Copy exactly the lines from the one containing "イラレブック Eikyuhozonbann Twitter" through the last line of the records below, including both, and leave out any pictures.

Web page caption snippets:
------------------------------
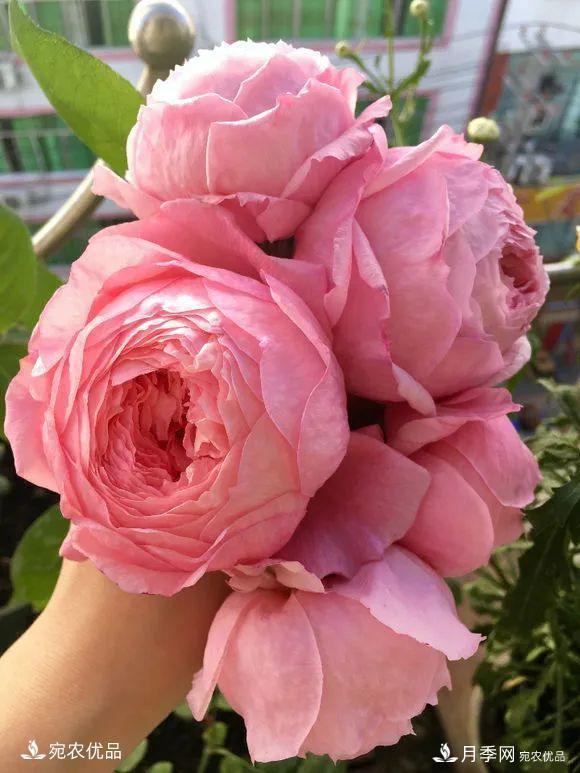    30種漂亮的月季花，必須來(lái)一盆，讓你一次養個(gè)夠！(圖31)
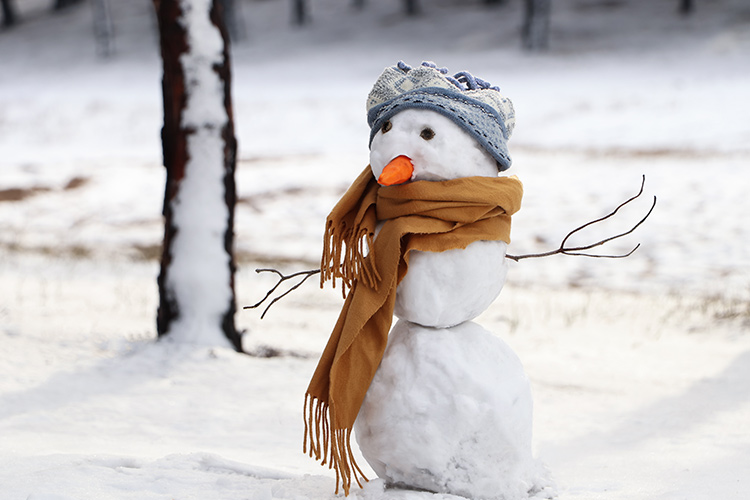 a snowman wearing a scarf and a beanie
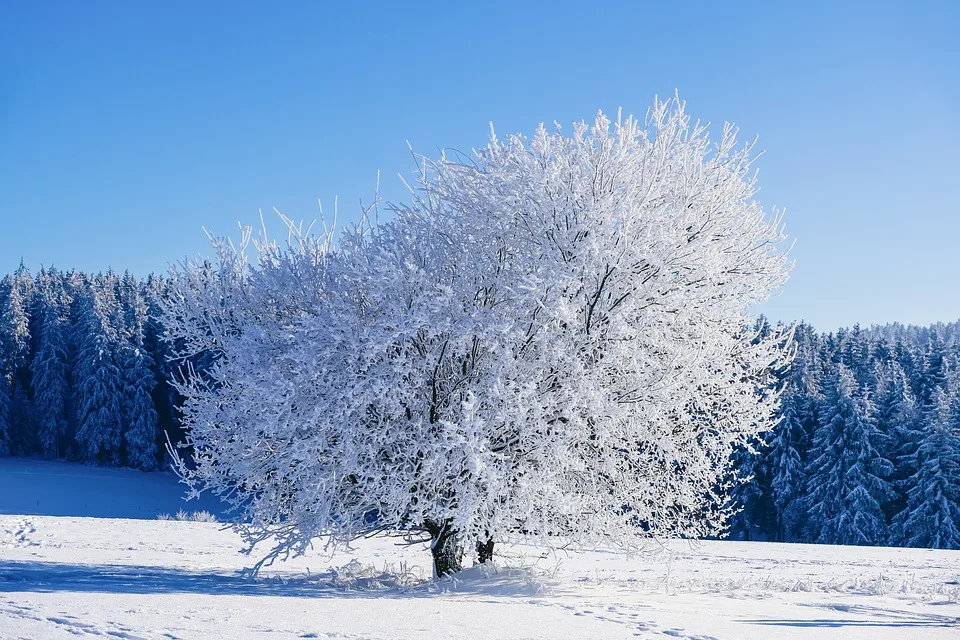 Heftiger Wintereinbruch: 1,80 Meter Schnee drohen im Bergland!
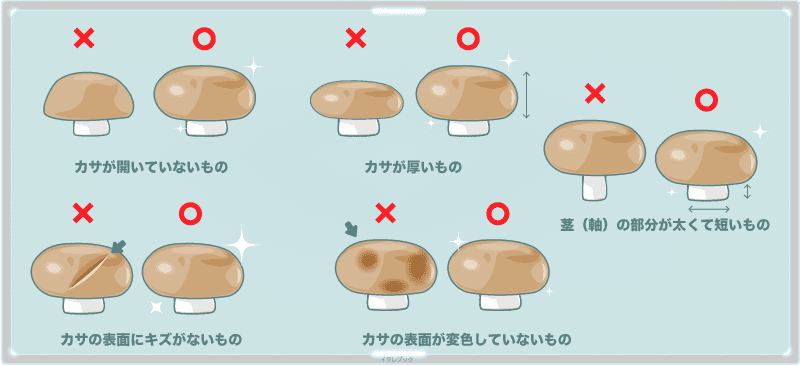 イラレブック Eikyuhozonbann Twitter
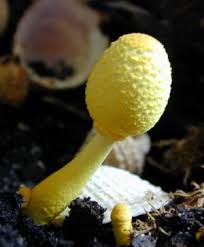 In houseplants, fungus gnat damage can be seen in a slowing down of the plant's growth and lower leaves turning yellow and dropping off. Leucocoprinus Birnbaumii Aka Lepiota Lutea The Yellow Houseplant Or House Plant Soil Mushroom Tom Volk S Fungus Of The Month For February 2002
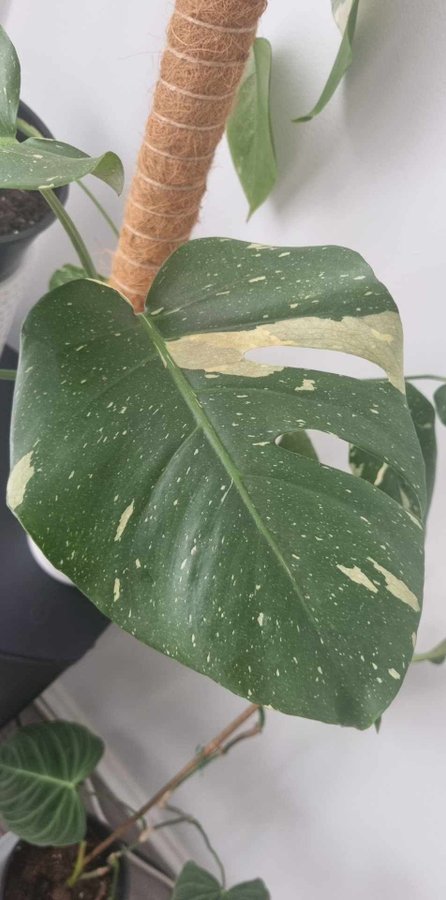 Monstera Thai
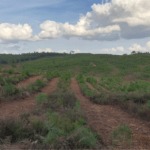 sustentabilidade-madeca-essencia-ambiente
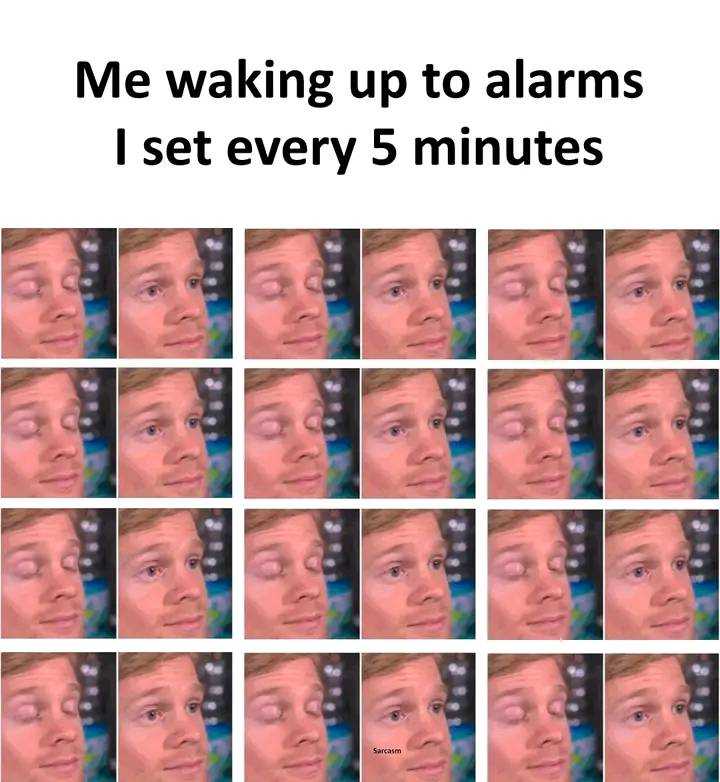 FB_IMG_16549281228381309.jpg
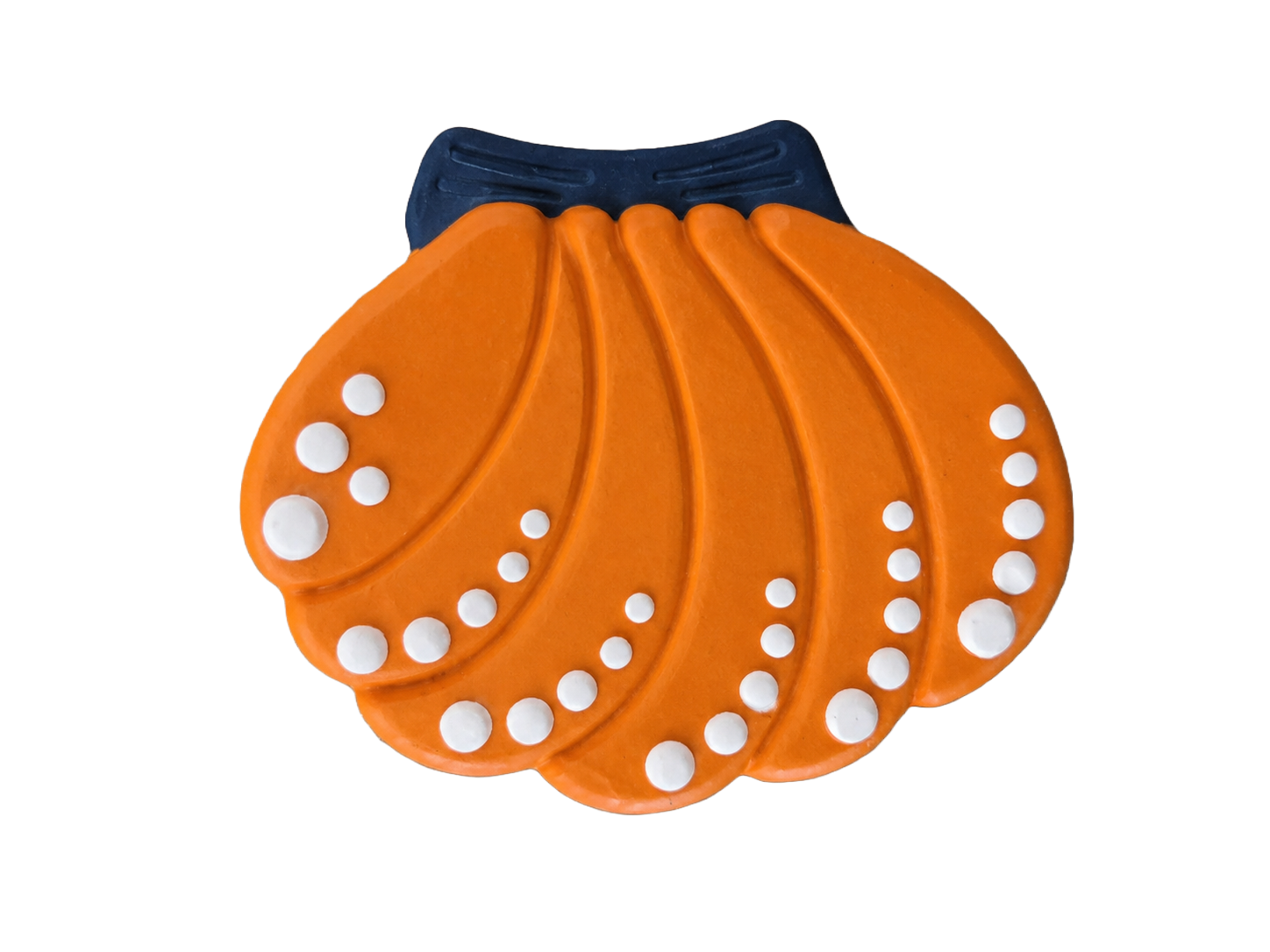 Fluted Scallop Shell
------------------------------
*TASK RESPONSE:*
 イラレブック Eikyuhozonbann Twitter
 In houseplants, fungus gnat damage can be seen in a slowing down of the plant's growth and lower leaves turning yellow and dropping off. Leucocoprinus Birnbaumii Aka Lepiota Lutea The Yellow Houseplant Or House Plant Soil Mushroom Tom Volk S Fungus Of The Month For February 2002
 Monstera Thai
 sustentabilidade-madeca-essencia-ambiente
 FB_IMG_16549281228381309.jpg
 Fluted Scallop Shell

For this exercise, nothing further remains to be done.